- Added wall climbing
- Added block pulling
- Made a floor switch that clicks down when the player steps on it or puts a block on it
- Added push/pullable block constraints
- Broke wall climbing somehow
- Fixed wall climbing
Unfortunately screenshots don’t demonstrate most of these super well, but I’ll do what I can.
Wall Climbing
I can now define an area as climbable. If you push against the top or bottom of it, you’ll switch to climbing mode (which currently does not have different art) and you will be able to climb around on the surface. It’s a bit jittery and weird and I haven’t fully put it through its paces so I’ll have to revisit it at some point, but it’s working for now.
Block Pulling
I’m not making a sokoban game. I don’t necessarily want or need to derive a lot of difficulty from constraining exactly how the player can move blocks around, so some (most?) of the time I’m going to want to allow them to pull blocks when they’re able to push them. This will cut down on the possibility for the player to get stuck on puzzles; it’ll also severely curtail the actual allowable difficulty for the puzzles, so it’s something I can toggle individually for a block.
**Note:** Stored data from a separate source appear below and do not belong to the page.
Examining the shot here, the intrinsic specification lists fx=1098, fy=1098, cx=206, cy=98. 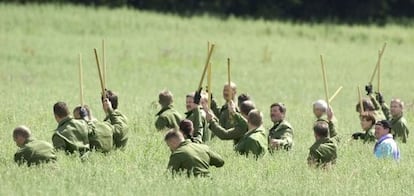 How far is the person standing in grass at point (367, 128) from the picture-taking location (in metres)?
19.0

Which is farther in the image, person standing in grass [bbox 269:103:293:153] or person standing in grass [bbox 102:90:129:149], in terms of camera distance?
person standing in grass [bbox 269:103:293:153]

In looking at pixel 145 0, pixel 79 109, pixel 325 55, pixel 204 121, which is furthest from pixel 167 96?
pixel 145 0

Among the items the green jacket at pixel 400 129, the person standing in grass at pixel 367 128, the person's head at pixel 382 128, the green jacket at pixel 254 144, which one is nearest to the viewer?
the green jacket at pixel 254 144

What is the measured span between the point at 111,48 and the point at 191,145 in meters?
29.4

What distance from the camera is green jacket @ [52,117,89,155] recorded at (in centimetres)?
1634

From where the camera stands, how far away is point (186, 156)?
566 inches

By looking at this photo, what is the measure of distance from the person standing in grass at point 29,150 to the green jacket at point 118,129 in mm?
2732

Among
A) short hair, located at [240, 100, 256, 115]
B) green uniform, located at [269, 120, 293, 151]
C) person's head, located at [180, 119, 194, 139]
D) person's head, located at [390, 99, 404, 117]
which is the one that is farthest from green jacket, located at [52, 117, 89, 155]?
person's head, located at [390, 99, 404, 117]

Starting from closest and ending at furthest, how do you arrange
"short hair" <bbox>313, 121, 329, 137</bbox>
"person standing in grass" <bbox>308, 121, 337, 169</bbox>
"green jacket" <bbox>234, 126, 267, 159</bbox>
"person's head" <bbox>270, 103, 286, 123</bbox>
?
"short hair" <bbox>313, 121, 329, 137</bbox>
"person standing in grass" <bbox>308, 121, 337, 169</bbox>
"green jacket" <bbox>234, 126, 267, 159</bbox>
"person's head" <bbox>270, 103, 286, 123</bbox>

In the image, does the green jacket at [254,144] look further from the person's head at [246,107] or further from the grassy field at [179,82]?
the person's head at [246,107]

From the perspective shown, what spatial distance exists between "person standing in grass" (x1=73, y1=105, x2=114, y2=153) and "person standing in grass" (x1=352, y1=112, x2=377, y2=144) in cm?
463

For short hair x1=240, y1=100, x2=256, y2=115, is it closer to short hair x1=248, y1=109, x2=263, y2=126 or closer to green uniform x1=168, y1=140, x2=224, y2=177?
short hair x1=248, y1=109, x2=263, y2=126

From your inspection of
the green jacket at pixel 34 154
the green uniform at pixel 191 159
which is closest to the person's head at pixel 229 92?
the green uniform at pixel 191 159

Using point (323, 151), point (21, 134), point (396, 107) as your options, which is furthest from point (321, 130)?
point (396, 107) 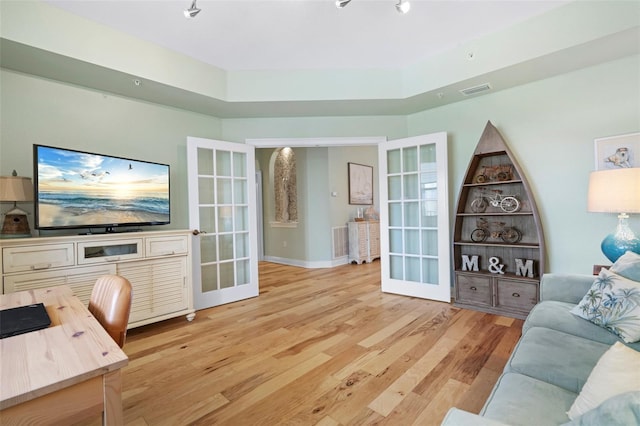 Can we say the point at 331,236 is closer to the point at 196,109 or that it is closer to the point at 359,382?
the point at 196,109

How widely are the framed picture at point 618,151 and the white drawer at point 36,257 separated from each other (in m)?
4.66

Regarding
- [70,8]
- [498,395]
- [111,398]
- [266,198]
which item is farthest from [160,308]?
[266,198]

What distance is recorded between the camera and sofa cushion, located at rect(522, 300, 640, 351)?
158 cm

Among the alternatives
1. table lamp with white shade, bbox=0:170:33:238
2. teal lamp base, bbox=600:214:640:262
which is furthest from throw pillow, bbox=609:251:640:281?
table lamp with white shade, bbox=0:170:33:238

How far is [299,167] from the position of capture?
237 inches

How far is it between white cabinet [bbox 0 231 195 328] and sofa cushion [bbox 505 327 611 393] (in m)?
2.85

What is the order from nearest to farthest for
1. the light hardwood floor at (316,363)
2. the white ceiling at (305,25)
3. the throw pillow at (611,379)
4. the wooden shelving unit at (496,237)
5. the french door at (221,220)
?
the throw pillow at (611,379) → the light hardwood floor at (316,363) → the white ceiling at (305,25) → the wooden shelving unit at (496,237) → the french door at (221,220)

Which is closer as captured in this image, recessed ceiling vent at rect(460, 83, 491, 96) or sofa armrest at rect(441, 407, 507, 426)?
sofa armrest at rect(441, 407, 507, 426)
While I was at it I also made it so you can toggle pushability as well, so I can have pull-only blocks. The screenshot may be a little hard to parse, but that block has a sort of debug-graphics black bar that stretches into the wall; when you let go of it, the whole thing will slowly retract back into the wall.
Floor Switch
Having step events (as described last post) isn’t new, so this isn’t that novel, but it’s got a satisfying click to it when you step on it, and it visually changes to show it’s depressed. More importantly, the block can also push it down (but it’s even harder to get a meaningful screenshot of that than it was with the player stand-in sprite).
Block Constraints
I am able to add solid obstructions to a pushable block that constrains it from moving. These constraints are in addition to any normal solid walls, but they don’t block the player (or any other entity) from moving around. The dark polygons on the ground below both blocks in the above screenshots are just visible polygons to help me ensure they’re working correctly, the space constraint obstructions are normally invisible.
That’s All!
That’s it for this week. After the debacle of last week’s collision stuff (and the knowledge (which turned out to be correct) that I would have to delve back into it a bit for this stuff), I kind of dragged my feet on getting into it this week. I’ve got a few more map-interaction “primitives” like this stuff that I need to build, and a few that are on my “maybe” list, and then I’m mostly left with a few small features, a bug list, and “actually building out the story”. I’m looking forward to getting to that part.